Brewer on putting Montpelier on the map for biking:
The mayor has as one of his goals to make Montpelier a bike-friendly destination, whether it’s a better network of mountain bike trails in the area, or bike lanes, or better street signage for cyclists. We have seen some great trail systems in the past 10 years. We rely heavily on partnerships with landowners, villages and towns. In general, Vermont has huge opportunities because of its great trail systems. There are three mountain biking groups: The Stowe Mountain Bike Club, the Chittenden County Fellowship of the Wheel, and the local MAMBA [Montpelier Area Mountain Bike Association].
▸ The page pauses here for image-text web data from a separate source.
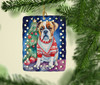 Boxer Christmas Porcelain Ornament DAC3395 product image at NuMercy 2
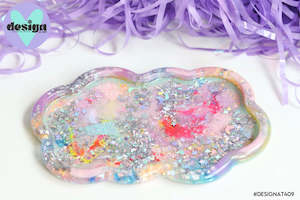 Sparkle Cloud Trinket Tray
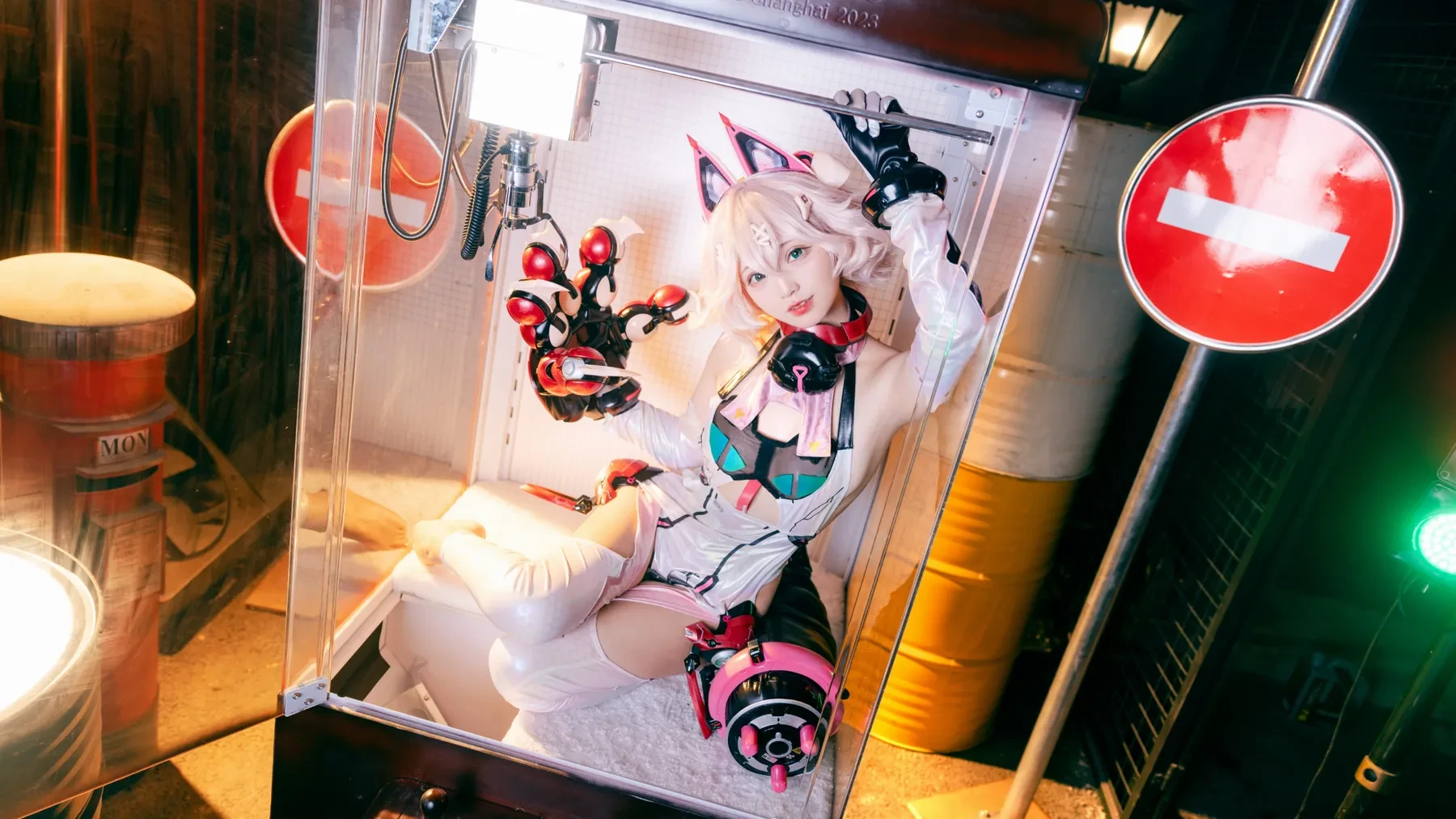 网红coser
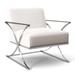 Bernhardt Exuma Patio Chair w/ Cushions in Gray | 31 H x 27 W x 31.5 D in | Wayfair O6823_6063-000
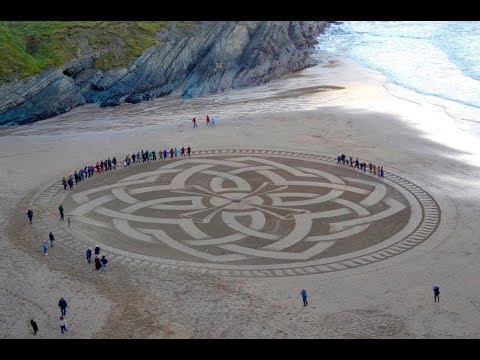 Youtube: Sand Circles 2017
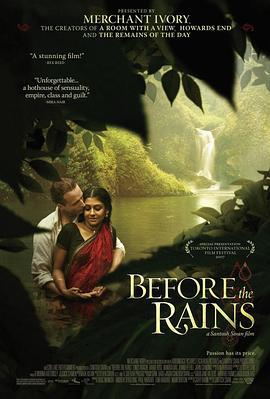 雨季将至 Before the Rains (2007)海报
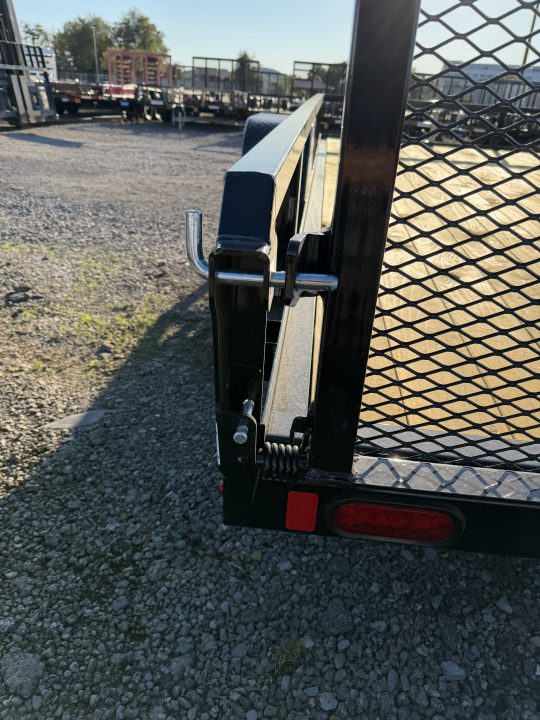 New 2027 Sure-Trac 7x14 Fully Tubular Utility Trailer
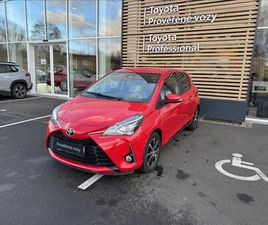 TOYOTA YARIS TOYOTA YARIS 1,5 ACTIVE HATCHBACK - HATCHBACK BENZIN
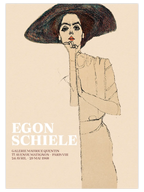 Egon Schiele Afiş N2 - Art Print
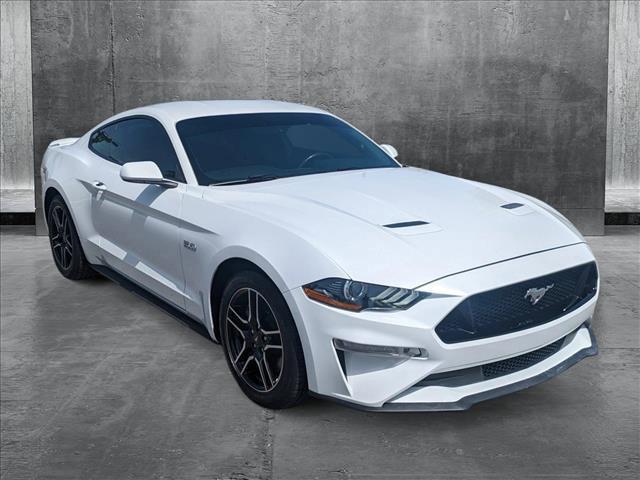 used 2019 Ford Mustang car, priced at $33,312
Brewer spoke passionately about how he would like Montpelier to emulate Burlington’s Church Street model in which a tax on businesses would provide a reliable pool of money to pay for the branding and promoting of Montpelier. He noted that there is not agreement within the business community about this and other ideas that he considers positive, such as parkelets and using parking spaces for bike racks. He commented, “People are afraid of change. It’s the kind of thing that puts you on the map.”
Brewer on what he’d like to see in Montpelier if he were its “Czar:”

  • Continue that good work of promoting Montpelier. We want to bottle that quintessential New England small town that tourists mean when they say they love Montpelier.
  • Continue promoting Montpelier as a bike town and take advantage of the huge asset we have of having the state capitol here.
  • Prevent humungous trucks from rumbling down State Street in the middle of the day.
  • Close Main Street to traffic on a Saturday afternoon. When I come into town, I want to see people, not cars.
  • Have benches, tables and chairs sprinkled around town.
Brewer on Montpelier as a place to do business:
I’m one of Montpelier’s biggest fans and promoters. There’s no place like Montpelier. I haven’t lived all over the world, but there is no place like this town. You have crazy committed customers who go out of their way to shop local, and all my fellow merchants feel the same way.
The interview closed with Brewer hinting that he is ready to take on a new project.